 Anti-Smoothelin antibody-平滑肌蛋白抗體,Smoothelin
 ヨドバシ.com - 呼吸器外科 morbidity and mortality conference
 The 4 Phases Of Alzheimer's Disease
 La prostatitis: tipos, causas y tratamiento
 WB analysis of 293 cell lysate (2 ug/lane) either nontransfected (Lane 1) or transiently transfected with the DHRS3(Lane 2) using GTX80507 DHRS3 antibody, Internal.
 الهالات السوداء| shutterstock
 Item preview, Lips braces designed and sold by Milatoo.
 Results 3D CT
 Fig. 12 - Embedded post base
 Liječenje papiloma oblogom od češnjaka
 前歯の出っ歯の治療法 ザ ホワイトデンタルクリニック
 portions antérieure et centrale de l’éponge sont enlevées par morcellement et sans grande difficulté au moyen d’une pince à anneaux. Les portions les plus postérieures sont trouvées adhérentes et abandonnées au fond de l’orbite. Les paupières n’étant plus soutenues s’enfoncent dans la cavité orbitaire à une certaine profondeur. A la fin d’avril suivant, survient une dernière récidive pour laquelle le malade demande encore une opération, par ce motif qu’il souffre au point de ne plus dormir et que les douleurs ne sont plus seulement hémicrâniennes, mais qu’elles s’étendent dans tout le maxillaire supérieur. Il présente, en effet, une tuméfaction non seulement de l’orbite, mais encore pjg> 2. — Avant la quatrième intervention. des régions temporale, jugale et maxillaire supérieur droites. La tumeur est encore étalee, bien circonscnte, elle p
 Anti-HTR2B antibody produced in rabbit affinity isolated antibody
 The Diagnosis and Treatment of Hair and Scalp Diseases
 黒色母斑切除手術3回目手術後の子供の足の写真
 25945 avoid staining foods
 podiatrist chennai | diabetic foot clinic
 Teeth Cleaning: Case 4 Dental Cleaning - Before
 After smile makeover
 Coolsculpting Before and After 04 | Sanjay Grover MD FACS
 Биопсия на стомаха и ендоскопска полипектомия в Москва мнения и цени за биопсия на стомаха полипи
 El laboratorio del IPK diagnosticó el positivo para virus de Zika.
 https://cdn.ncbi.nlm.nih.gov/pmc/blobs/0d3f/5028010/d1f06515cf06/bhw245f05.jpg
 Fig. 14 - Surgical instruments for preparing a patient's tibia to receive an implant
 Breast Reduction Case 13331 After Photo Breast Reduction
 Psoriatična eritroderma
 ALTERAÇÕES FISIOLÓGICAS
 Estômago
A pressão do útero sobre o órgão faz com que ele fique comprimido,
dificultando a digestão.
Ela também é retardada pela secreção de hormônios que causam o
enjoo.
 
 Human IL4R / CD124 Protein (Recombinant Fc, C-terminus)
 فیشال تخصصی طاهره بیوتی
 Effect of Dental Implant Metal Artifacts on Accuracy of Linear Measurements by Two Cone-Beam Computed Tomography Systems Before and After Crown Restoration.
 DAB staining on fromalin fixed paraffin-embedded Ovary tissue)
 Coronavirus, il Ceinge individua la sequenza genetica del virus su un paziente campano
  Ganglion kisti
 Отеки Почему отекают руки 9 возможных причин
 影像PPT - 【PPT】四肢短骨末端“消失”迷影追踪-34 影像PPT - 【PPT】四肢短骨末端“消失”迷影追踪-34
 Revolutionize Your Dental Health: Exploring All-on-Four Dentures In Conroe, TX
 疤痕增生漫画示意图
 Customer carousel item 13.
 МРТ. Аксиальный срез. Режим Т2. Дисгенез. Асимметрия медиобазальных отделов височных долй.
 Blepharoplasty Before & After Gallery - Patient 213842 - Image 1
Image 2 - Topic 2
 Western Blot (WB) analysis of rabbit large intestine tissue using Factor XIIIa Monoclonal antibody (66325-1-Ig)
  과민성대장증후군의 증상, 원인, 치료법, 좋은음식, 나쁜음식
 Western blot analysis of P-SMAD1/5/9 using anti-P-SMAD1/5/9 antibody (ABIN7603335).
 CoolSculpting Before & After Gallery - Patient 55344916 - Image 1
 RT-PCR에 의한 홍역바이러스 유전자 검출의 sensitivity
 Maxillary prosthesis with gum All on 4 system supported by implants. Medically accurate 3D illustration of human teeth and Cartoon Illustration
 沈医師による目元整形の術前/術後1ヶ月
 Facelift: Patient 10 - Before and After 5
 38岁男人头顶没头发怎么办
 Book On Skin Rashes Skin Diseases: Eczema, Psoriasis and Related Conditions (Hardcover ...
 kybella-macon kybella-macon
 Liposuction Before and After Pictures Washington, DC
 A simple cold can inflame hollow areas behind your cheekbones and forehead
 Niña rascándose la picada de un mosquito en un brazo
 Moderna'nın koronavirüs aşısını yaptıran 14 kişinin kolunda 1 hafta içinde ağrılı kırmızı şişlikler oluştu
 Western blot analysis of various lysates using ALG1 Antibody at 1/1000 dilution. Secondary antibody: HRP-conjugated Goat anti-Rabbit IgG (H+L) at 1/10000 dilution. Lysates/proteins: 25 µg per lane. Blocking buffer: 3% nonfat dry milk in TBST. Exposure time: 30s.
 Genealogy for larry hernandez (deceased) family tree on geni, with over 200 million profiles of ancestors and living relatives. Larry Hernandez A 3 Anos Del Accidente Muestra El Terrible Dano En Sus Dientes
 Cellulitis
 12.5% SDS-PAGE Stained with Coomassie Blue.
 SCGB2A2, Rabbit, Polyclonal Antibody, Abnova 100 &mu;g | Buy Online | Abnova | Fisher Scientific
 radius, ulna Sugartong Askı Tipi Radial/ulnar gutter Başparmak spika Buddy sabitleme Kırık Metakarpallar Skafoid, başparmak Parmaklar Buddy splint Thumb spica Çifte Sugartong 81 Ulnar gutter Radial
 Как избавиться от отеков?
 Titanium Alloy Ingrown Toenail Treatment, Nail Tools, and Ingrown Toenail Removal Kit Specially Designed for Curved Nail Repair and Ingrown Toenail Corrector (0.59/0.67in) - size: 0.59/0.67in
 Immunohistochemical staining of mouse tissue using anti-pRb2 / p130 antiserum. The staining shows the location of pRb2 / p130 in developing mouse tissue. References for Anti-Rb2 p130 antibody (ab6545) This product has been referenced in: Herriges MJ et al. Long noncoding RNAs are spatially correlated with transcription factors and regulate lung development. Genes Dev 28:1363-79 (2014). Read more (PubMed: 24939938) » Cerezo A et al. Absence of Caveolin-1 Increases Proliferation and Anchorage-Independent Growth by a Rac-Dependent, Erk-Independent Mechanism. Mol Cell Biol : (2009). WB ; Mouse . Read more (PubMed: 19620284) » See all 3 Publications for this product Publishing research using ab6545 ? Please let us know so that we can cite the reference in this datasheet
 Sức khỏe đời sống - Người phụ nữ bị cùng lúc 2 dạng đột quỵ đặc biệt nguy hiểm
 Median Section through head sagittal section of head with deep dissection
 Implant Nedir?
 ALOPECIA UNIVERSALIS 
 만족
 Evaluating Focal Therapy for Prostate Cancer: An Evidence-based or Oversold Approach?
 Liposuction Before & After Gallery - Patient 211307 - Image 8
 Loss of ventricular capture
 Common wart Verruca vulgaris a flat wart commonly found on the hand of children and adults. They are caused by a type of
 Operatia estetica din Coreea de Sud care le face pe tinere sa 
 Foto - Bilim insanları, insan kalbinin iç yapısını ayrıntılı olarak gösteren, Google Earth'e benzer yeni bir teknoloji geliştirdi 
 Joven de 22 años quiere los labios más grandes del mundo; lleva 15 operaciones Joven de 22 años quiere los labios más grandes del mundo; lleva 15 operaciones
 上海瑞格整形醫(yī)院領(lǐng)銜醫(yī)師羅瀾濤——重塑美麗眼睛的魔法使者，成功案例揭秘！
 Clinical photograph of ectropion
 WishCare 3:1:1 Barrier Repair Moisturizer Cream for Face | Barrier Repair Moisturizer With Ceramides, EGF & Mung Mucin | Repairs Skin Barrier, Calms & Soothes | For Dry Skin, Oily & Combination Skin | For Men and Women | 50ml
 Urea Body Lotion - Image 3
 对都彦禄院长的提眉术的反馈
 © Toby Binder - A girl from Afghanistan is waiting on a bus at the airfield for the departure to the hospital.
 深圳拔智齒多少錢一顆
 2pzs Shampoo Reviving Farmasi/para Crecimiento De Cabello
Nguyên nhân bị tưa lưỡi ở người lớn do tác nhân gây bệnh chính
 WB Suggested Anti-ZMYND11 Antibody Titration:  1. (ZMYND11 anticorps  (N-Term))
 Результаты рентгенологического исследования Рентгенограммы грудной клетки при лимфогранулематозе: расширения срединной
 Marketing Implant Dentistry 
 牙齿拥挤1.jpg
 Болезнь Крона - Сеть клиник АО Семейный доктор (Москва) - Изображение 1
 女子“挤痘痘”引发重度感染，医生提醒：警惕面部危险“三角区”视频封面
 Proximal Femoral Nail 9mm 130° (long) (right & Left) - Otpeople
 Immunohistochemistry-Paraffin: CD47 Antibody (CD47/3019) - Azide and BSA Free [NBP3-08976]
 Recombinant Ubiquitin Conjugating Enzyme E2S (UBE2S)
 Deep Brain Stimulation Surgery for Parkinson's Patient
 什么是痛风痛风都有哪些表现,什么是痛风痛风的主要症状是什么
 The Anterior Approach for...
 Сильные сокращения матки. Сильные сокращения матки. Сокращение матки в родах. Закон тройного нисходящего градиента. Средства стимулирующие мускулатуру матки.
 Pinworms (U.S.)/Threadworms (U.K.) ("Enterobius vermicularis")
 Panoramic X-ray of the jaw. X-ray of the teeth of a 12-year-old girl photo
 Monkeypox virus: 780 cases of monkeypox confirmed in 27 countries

================================

# Exercise
In the listing above, locate each line with "girl" and copy it.

# Answer to this exercise
 © Toby Binder - A girl from Afghanistan is waiting on a bus at the airfield for the departure to the hospital.
 Panoramic X-ray of the jaw. X-ray of the teeth of a 12-year-old girl photo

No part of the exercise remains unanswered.